> _Try it_:
When you reach the line that contains "Tussar Silk vs" in the data below, start reproducing lines exactly, and stop after the line that contains "99063 Λάμπα E14".

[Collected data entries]
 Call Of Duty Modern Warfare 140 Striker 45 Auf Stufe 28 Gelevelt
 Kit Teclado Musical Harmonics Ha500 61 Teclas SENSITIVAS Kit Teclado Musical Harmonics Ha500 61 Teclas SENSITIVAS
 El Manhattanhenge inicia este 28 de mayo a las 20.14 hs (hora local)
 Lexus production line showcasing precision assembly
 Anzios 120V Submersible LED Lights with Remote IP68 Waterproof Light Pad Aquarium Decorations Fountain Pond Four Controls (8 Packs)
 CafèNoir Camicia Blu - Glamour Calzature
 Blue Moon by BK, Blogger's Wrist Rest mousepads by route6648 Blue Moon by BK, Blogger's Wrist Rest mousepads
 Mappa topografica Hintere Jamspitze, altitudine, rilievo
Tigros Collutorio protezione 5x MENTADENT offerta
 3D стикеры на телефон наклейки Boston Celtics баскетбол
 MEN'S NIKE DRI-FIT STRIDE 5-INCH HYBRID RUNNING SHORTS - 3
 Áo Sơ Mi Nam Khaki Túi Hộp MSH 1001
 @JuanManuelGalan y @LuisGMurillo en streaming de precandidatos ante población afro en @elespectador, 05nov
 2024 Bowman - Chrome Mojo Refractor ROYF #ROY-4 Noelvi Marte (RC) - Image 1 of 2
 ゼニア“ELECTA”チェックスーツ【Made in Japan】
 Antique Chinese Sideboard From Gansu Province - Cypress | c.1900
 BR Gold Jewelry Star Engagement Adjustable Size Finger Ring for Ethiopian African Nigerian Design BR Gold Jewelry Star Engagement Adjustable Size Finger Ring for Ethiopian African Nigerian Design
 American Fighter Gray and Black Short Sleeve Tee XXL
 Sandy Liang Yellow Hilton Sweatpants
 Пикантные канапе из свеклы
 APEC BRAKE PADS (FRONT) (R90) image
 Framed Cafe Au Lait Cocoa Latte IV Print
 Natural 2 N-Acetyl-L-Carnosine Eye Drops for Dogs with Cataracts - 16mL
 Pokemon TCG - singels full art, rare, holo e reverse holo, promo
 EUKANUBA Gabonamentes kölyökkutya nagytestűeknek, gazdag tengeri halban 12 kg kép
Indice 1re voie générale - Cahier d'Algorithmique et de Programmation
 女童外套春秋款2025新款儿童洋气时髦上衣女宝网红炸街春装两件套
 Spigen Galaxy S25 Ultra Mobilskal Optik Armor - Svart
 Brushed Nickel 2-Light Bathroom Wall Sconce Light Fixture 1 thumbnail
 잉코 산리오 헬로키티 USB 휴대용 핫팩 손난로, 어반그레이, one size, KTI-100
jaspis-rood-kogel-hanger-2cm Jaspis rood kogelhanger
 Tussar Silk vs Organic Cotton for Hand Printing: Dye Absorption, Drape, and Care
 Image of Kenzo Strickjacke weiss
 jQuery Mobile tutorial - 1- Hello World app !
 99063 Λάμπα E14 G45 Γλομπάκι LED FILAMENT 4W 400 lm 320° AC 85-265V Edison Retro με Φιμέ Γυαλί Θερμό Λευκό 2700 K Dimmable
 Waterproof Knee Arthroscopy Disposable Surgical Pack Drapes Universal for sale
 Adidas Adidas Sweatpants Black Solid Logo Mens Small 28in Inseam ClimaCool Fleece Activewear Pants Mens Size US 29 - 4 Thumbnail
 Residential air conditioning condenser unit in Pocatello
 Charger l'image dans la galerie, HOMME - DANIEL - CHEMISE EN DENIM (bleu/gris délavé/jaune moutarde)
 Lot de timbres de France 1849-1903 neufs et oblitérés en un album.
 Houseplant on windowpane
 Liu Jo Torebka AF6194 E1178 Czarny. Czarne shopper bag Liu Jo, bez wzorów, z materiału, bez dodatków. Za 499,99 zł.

> _Solved exercise_:
 Tussar Silk vs Organic Cotton for Hand Printing: Dye Absorption, Drape, and Care
 Image of Kenzo Strickjacke weiss
 jQuery Mobile tutorial - 1- Hello World app !
 99063 Λάμπα E14 G45 Γλομπάκι LED FILAMENT 4W 400 lm 320° AC 85-265V Edison Retro με Φιμέ Γυαλί Θερμό Λευκό 2700 K Dimmable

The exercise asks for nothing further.